The implementation defines two helper functions.

The find_first function performs binary search while biasing toward the left side. Whenever the target is found, the current index is stored in answer, but the search continues in the left half by moving right = mid - 1.

The find_last function is almost identical, except it biases toward the right side. After finding the target, it moves left = mid + 1 to continue searching for later occurrences.

The main function first searches for the first occurrence. If the target does not exist, it immediately returns [-1, -1]. Otherwise, it performs the second search and returns both indices.

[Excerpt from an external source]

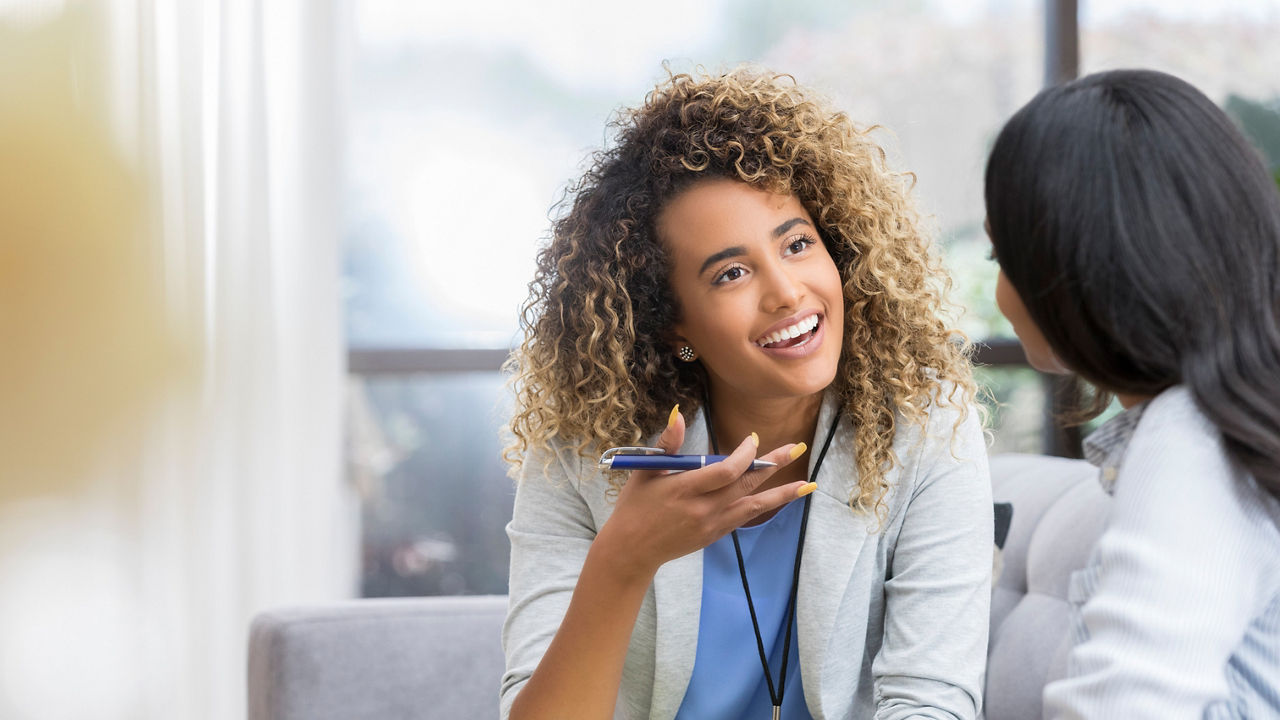 Positive young female therapist gestures as she talks with a female client. The therapist smiles warmly as she talks with the young woman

This structure keeps the code clean and makes the two boundary searches easy to understand independently.

Go Solution

func searchRange(nums []int, target int) []int {

	findFirst := func() int {
		left, right := 0, len(nums)-1
		answer := -1

		for left <= right {
			mid := left + (right-left)/2

			if nums[mid] == target {
				answer = mid
				right = mid - 1
			} else if nums[mid] < target {
				left = mid + 1
			} else {
				right = mid - 1
			}
		}

		return answer
	}

	findLast := func() int {
		left, right := 0, len(nums)-1
		answer := -1

		for left <= right {
			mid := left + (right-left)/2

			if nums[mid] == target {
				answer = mid
				left = mid + 1
			} else if nums[mid] < target {
				left = mid + 1
			} else {
				right = mid - 1
			}
		}

		return answer
	}

	first := findFirst()

	if first == -1 {
		return []int{-1, -1}
	}

	last := findLast()

	return []int{first, last}
}

The Go implementation follows the same logic as the Python version.

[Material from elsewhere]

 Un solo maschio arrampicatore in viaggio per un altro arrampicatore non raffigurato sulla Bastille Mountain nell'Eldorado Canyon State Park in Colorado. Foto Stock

One important Go-specific detail is the midpoint calculation:

mid := left + (right-left)/2

This form avoids potential integer overflow that can occur with (left + right) / 2 in some languages.

Go slices naturally handle empty arrays, so no special nil handling is required. If the slice is empty, right becomes -1, causing the binary search loop to terminate immediately.

Worked Examples

Example 1

nums = [5,7,7,8,8,10]
target = 8

Finding First Occurrence

left right mid nums[mid] action
0 5 2 7 move left pointer right
3 5 4 8 record 4, search left half
3 3 3 8 record 3, search left half

Result:

first = 3

Finding Last Occurrence

left right mid nums[mid] action
0 5 2 7 move left pointer right
3 5 4 8 record 4, search right half
5 5 5 10 move right pointer left

Result:

last = 4

Final answer:

[3,4]

Example 2

nums = [5,7,7,8,8,10]
target = 6

Finding First Occurrence

left right mid nums[mid] action
0 5 2 7 move right pointer left
0 1 0 5 move left pointer right
1 1 1 7 move right pointer left

The target is never found.

Result:

[-1,-1]

Example 3

nums = []
target = 0

Initial values:

left = 0
right = -1

The loop condition left <= right is immediately false, so the function returns:

[-1,-1]

Complexity Analysis

Measure Complexity Explanation
Time O(log n) Two binary searches, each taking logarithmic time
Space O(1) Only constant extra variables are used

Each binary search cuts the search space in half at every iteration, which gives logarithmic complexity. Since we perform two independent binary searches, the total runtime is still O(log n) because constant factors are ignored in asymptotic analysis.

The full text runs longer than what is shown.